A good education was very important in his family, as well. In fact, our recipient was in the very FIRST class of Walsh Jesuit High School, the class of 1969. This was the time of the Viet Nam War and the “draft” which guided our recipient directly on to college. He graduated from the University of Akron with a degree in Structural Engineering, four years later.
He has been an active owner, partner and Professional Engineer for a number of the Walsh Family Group of Construction and Environmental Demolition and Remediation Companies and Real Estate Holdings for over 50 years.
Many do not know that he and a handful of “work” friends started an insurance company, American Safety, when they had difficulty getting insurance to cover their “environmental cleanup” projects. They owned and operated American Safety until it went public on the stock exchange.

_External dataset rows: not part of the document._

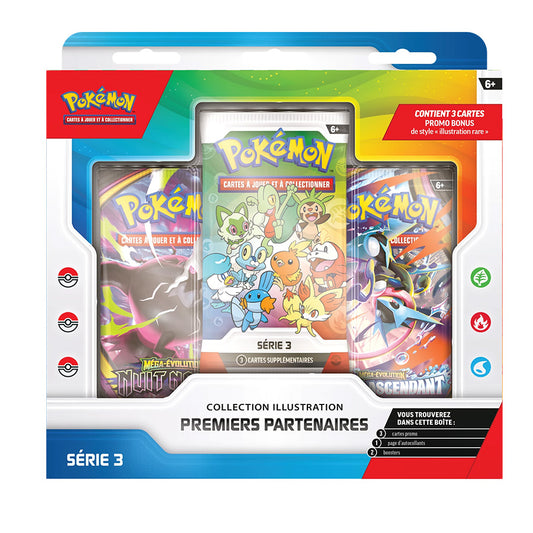 Coffret Collection Illustration Premiers Partenaires Série 3 [FR]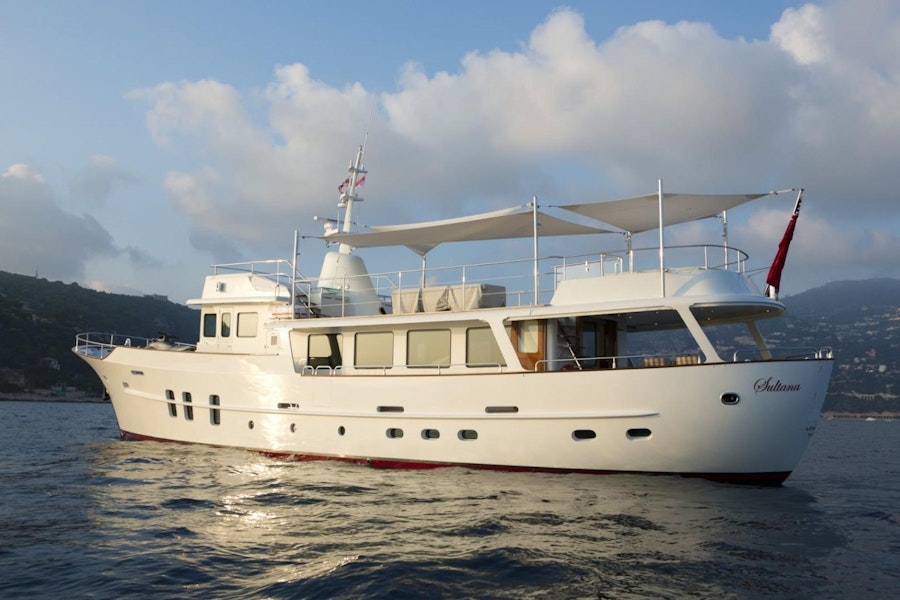 Details for SULTANA Private Luxury Yacht For sale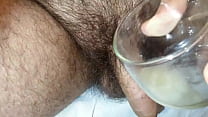 In glass ejaculation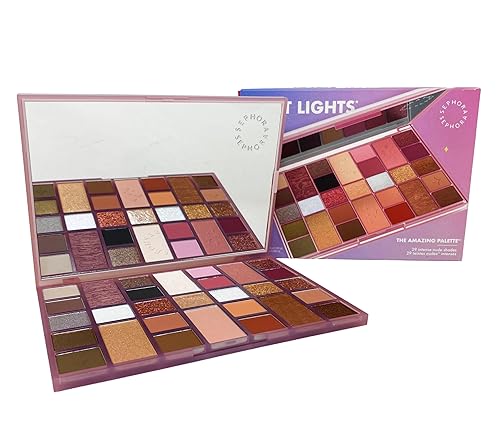 SEPHORA Favorites Limited Edition Soft Lights The Amazing Palette - 29 Intense Nude Eyeshadow Shades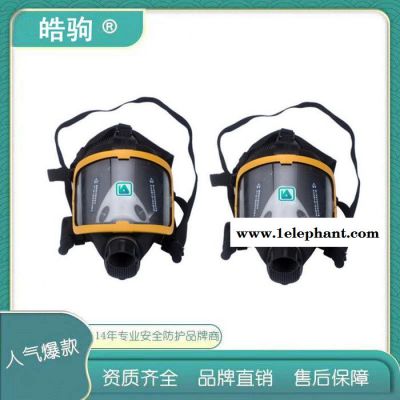皓驹HJF05有机蒸汽酸性气体防毒口罩防毒半面罩自吸过滤式半面罩防毒面具GB2890-2009过滤式呼吸防护器图3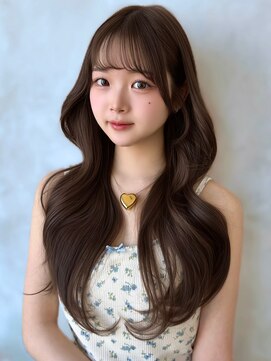 ミラリー トウキョウ(Mirareee Tokyo) 【F】大人かわいいニュアンス透明感カラー小顔ヘア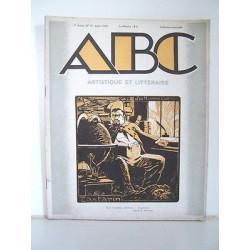 Magazine ABC ARTISTIQUE et LITTERAIRE n55 art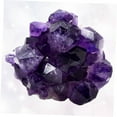 thumbnail image 5 of Soimiss Uruguay Amethyst Cluster Stone Desktop Crystal Ornament Purification Demagnetization 4 to 5cm, 5 of 6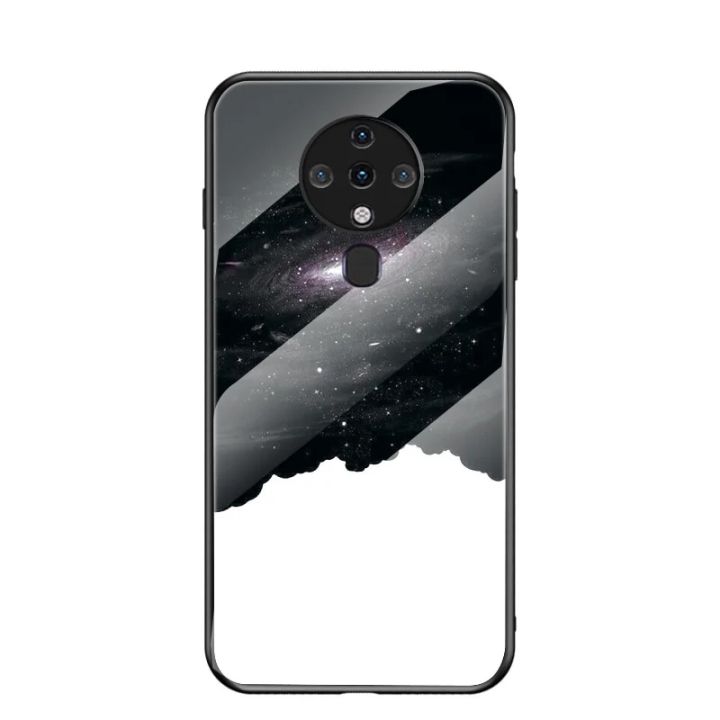 Tecno%20Spark%206%20KE7%20Case%20Starry%20Grain%20Glass%20Hard%20Back%20Cover%20Shockproof%20Case%20with%20TPU%20Bumper%20for%20Tecno%20Spark%206%20Spark6%20KE7%20-%20Image%207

He worked all over our United States as the supervising engineer on many sites, such as: the Superfund Site known as the Summit National Site or the Deerfield Dump, the exploratory excavation of buried underground storage tanks at the base of the Statue of Liberty, the decontamination of the bullet manufacturing equipment at the Hawthorne Army Depot in Nevada, the asbestos removal and environmental remediation of the Terminal Tower Complex known as Tower City Center in Cleveland, the cleaning of Armco Steel’s largest bag house facility at their Houston, Texas Steel Mill, the asbestos removal of the former Polsky’s Department Store Parking Deck in Akron now a part of the University of Akron Campus, the underground demolition and environmental remediation of the former Ohio State Penitentiary in Columbus, the Clean Ohio Remediation Project to clean up the former Armco Steel Mill Superfund Site in New Boston, Ohio, as well as numerous other projects and sites; near and far away.
His agriculture connection came from his father, a man who loved horses and was active in the American Quarter Horse world. Consequently, he and his brothers grew up with backyard ponies and horses when they were very young. His father purchased a farm in Brimfield and built an indoor arena for the boys, hoping to keep them out of trouble – ha ha ha, that didn’t work! They grew up active in 4-H at the Summit County fairgrounds. I am sure there are still stories of their escapades floating around the fairgrounds. He helped his father, a mason contractor, who volunteered much of his time and expertise at the fairgrounds over the years of the Central Ohio Saddle Club, building bathrooms and other structures. Our recipient continues his father’s commitment to the fairgrounds with his dedication to taking care of the Summit County Farm Bureau’s Antique Museum building, as well as addressing the repeated fairgrounds flooding issues with our county legislators.
Now, many of us may not understand the “hold” horses have on one’s soul. I’ve been told that once horses are in your blood, you are a slave to them forever and he continues this commitment to the equine world with his “significant other”, whose father trained HIS father’s horses. During their youth, there were horse shows every weekend. Many “horse show” kids not only hung out together at the shows, but developed life-long friends, some of which are here tonight to share in his surprise. Please join me in showing our appreciation to our 2017 Distinguished Service Award recipient, Tim Walsh.